Saat Pengurus Cabang PMII menyianyiakan waktu Ramadan dengan meniadakan pergerakan, bahkan suara ontran-ontran, sedikit banyaknya untuk menyambut datangnya bulan turunnya Al-Qur’an. Segenap perempuan dari Rayon Rumi dan Persiapan dengan motivasi mumpung momen langka telah menguasai pawon—dapur, sebagai pengayom peserta diskusi, bahkan hal detail semacam membuat kopi untuk bertanggungjawab atas keringnya kerongkongan seluruh manusia yang berada di dalam acara diskusi Rayon Jalaludin Rumi dan Persiapan.
Tausiyah bulan Ramadan atau disingkat TABRUD, adalah agenda berkala-terbatas pada saat bulan Ramadan. Rayon Ralaludin Rumi sebagai penginisiatif acara ini pernah kami ulas baca di sini sehingga tulisan ini tidak akan membahas perihal acara dan tetek bengek di dalamnya, melainkan bagian penting dalam acara ini yang hampir selalu terlupakan, yaitu perihal penguasa pawon yang mencakup dapur, kopi, dan jajan. Siapa lagi kalau bukan sahabat-sahabat perempuan?
Ada tiga perempuan yang kami temui ketika acara sudah berakhir. Tiga-tiganya berasal dari Angkatan 2022 dan satu di antaranya adalah anggota Rayon Persiapan. Imroatu Sholihah, Hiemafatul Nur Afifah, dan Luthfatul Husna adalah nama-nama sahabat(i) penguasa pawon kontrakan Rayon Rumi dan Persiapan.
Sebagai penguasa pawon, yang terpenting adalah memberikan pengayoman bagi peserta diskusi.
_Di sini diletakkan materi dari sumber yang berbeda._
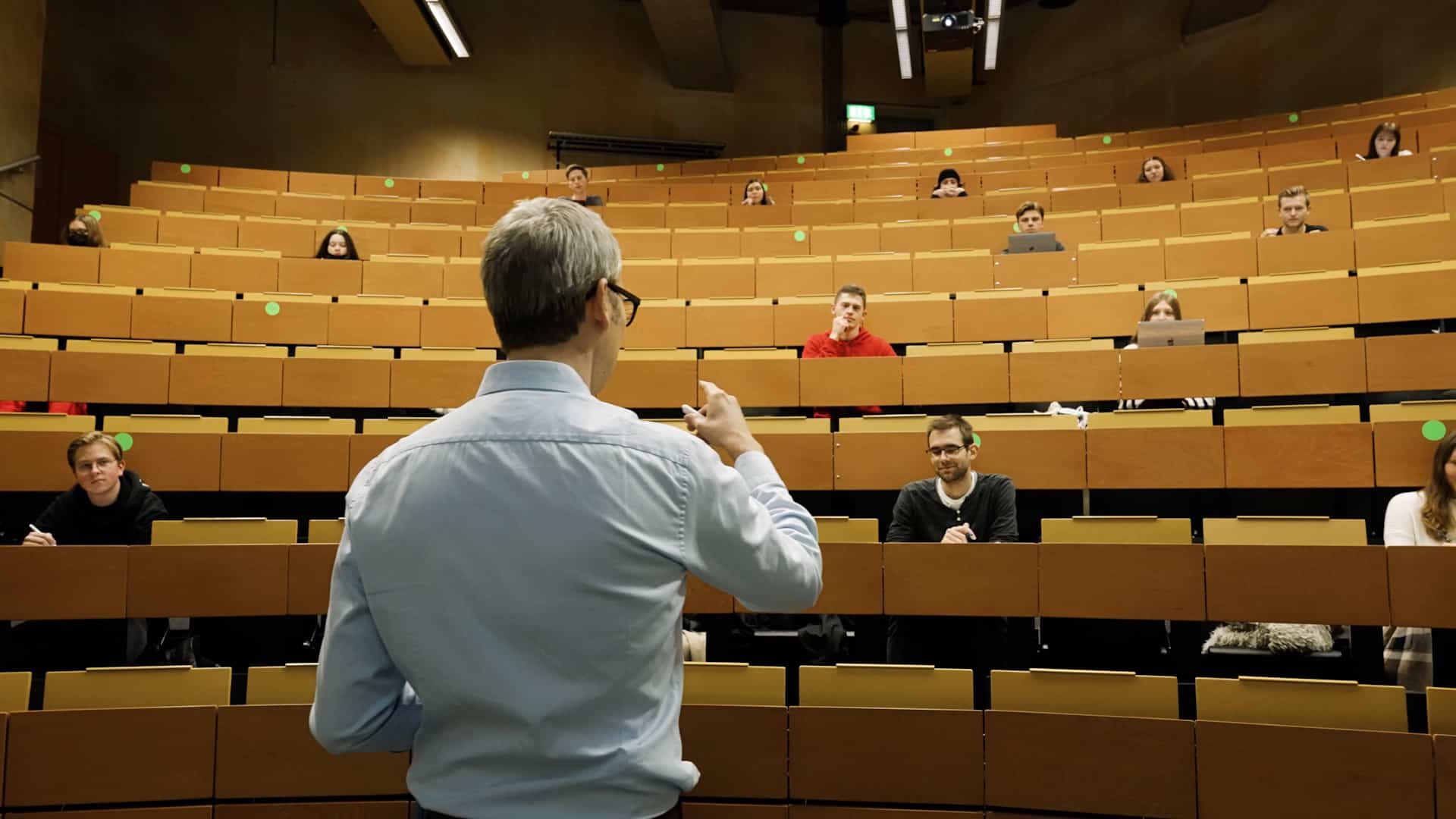 Universität Ulm Wirtschaftswissenschaften Hochschulmarketing - Professor im Vorlesungssaal - Filmproduktion hawkins.film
Mereka bertiga bertanggung jawab atas keringnya kerongkongan Sahabat Ambon, yang bertepatan menjadi moderator pada saat Sahabat Kelvin Ferdinans, Kader PMII Angkatan 2019 menjadi pemantik sekaligus pemateri kelima dalam rangkaian acara TABRUD: Sekolah Ideologi dengan tema “Fasisme” tertanggal 26 Maret 2024 pukul 20.00 WIB–selesai. Mereka, tiga orang perempuan penguasa pawon ini juga memberikan solusi bagi para peserta diskusi saat kepala peserta merekah atau hampir pecah ketika mendengar uraian panjang serta dalam akan sebuah paparan ideologi dunia. Kopi dan cemilan adalah jalan keluar yang mereka bertiga berikan.
Ketika kami tanyai, “Bukankah mengandung ketidakadilan ketika jumlah perempuan yang sedikit, ketimbang laki-laki yang banyak, justru disuruh menjadi 'seperti' pembantu di acara TABRUD ini?” Mereka lantas menjawab bergantian. Sahabat Hima dengan tegas menjawab tidak, karena memang membuat kopi dan cemilan atas inisiatif kami, bahkan sebelum kami dimintai tolong oleh Pak Yon Safi’i maupun Pak Yon Na’im, atau juga Mas Alam.
Lalu Sahabat Iim menimpali, “Bahwa memang benar apa yang disampaikan oleh Sahabat Hima, karena memang dari awal hingga saat ini acara TABRUD berlangsung, kami adalah penanggung jawab pawon." Kira-kira begitu yang ia sampaikan.
Sahabat Luthfa juga bercerita, ketika mereka bertiga (sebagai penguasa pawon) sedang menjerang air atau mengaduk es, perbincangan di dapur tak kalah menarik dibanding acara TABRUD itu sendiri, karena di situ, mereka bisa deep talk. Entah membincang soal kehidupan, dosen yang kaku kayak batu, atau bahkan politik. Ya, mereka berbicara politik, walau Sahabat Iim menimpali langsung dengan kalimat “Sok politik sih, Mas, kalau itu,” lalu gelak tawa terdengar kencang, kencang sekali.